Having specified the situations in which Freeman accepts responsibility and those in which Freeman denies it, the limitation provision concludes that "in any case" Freeman's liability is limited to $.25 per pound with a maximum of $50 per claim. The district court, influenced largely by the absence of any limitation of liability provisions in the bills of lading that Alkan completed and returned to Freeman, held the $50 per claim limitation inapplicable to Alkan's damages in this case. In our opinion, the limitation clause is at best ambiguous and may not have been intended to apply to the misplacement of the weapon carriage release resulting from Freeman's failure to properly "sweep the hall." The clause reasonably could be read to apply only to the two kinds of situations described above. In construing its meaning, therefore, we start with the well-established rule that limitation of liability clauses are not favored and accordingly are construed strictly. Herd & Co. v. Krawill Machinery Corp., 359 U.S. 297, 305 (1959); Gill v. Rollins Protective Services Co., 722 F.2d 55, 58 (4th Cir. 1983). We also give "due regard to the principle of strict construction against the draftsman of a contract." Alcoa Steamship Co. v. United States, 338 U.S. 421, 424-25 (1949); see United States v. Fullerton Construction Co., 407 F.2d 1002, 1004 (4th Cir. 1969). Construing the limitation clause in this fashion, we agree with the district court that it affords Freeman no relief.
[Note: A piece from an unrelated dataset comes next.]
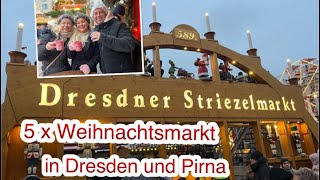 Weihnachtsmarkt in Dresden und Pirna 2023  Ich besuche 5 Weihnachtsmärkte  Wer ist der Beste [upl. by Nibot259]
Insofar as the Air Force Association is concerned, Alkan failed to prove any obligation whatsoever on its part with respect to Alkan's property. The Association simply leased space to Alkan; it specifically disclaimed all custody or control over Alkan's display materials. There was neither claim nor proof that Freeman was acting as an agent of the Association in Freeman's dealings with Alkan.

The judgments of the district court are affirmed.